* [What the task asks]
Repeat exactly the stretch of lines that starts with the one containing "Mountain Lakes Car" and ends with the last line of the material. Leave out pictures.

* [Data below]

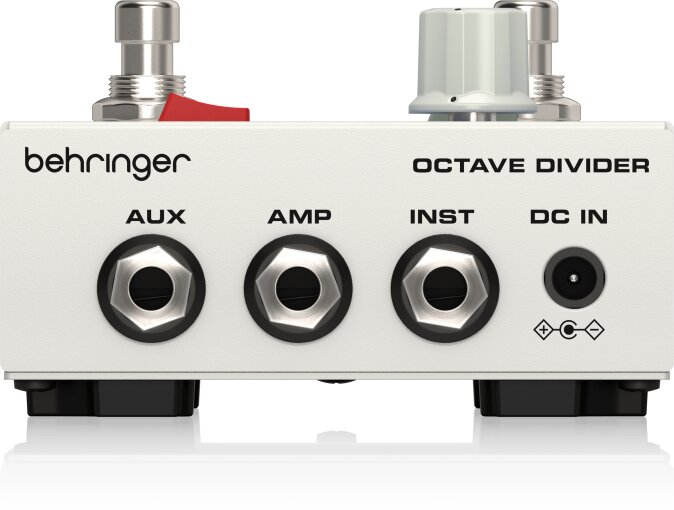 Octave Dividerrear Octave Dividerrear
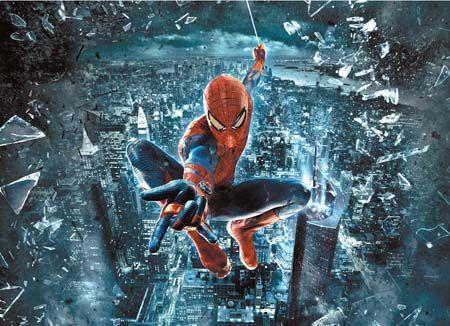 《超凡蜘蛛侠2》有望推同名手游 4月上市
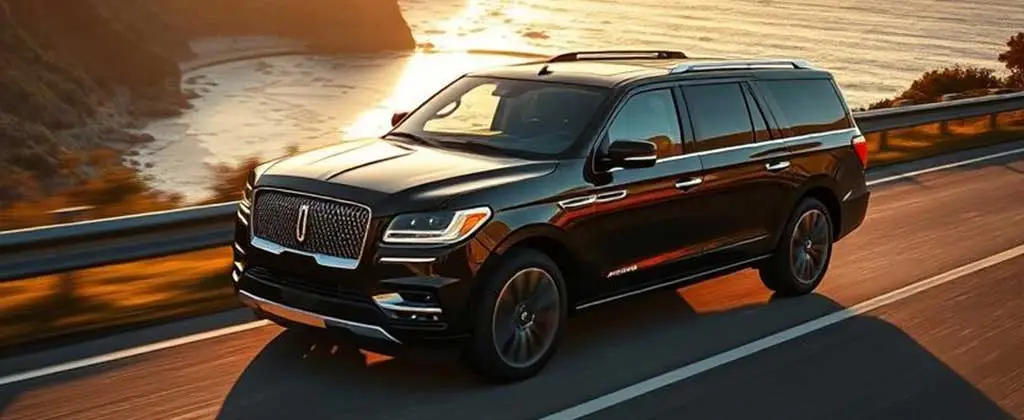 Mountain Lakes Car Service luxury transportation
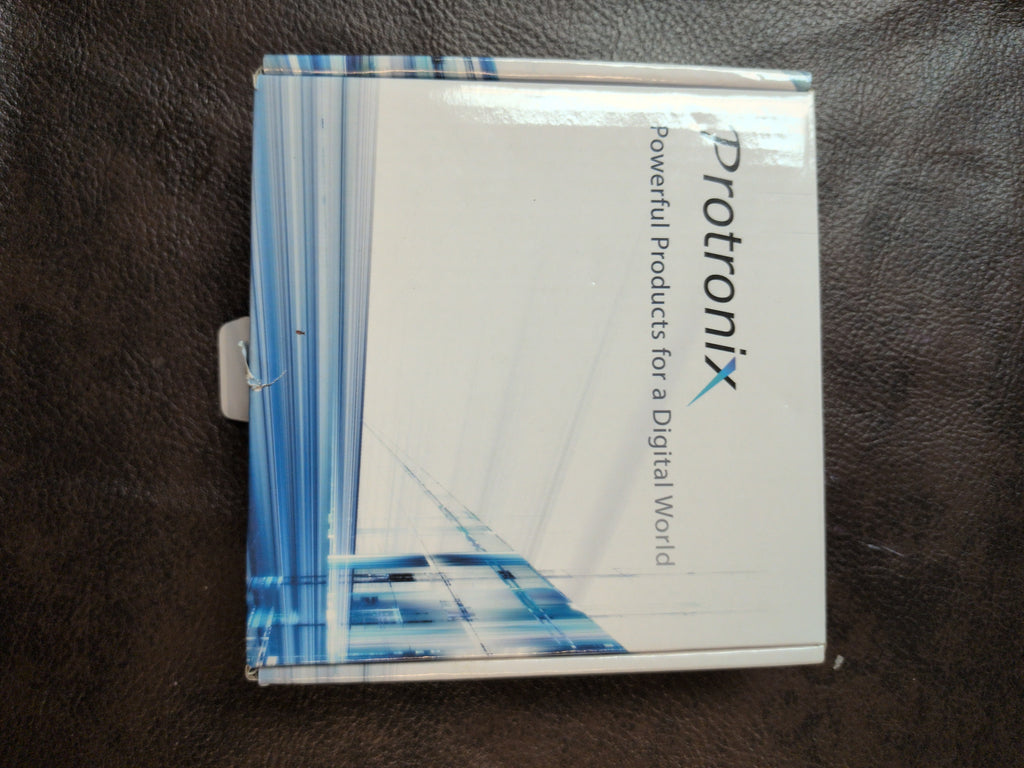 Protronix PCIe x4 to Dual M.2. MVMe Slot Adapter Card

* [Answer area]
 Mountain Lakes Car Service luxury transportation
 Protronix PCIe x4 to Dual M.2. MVMe Slot Adapter Card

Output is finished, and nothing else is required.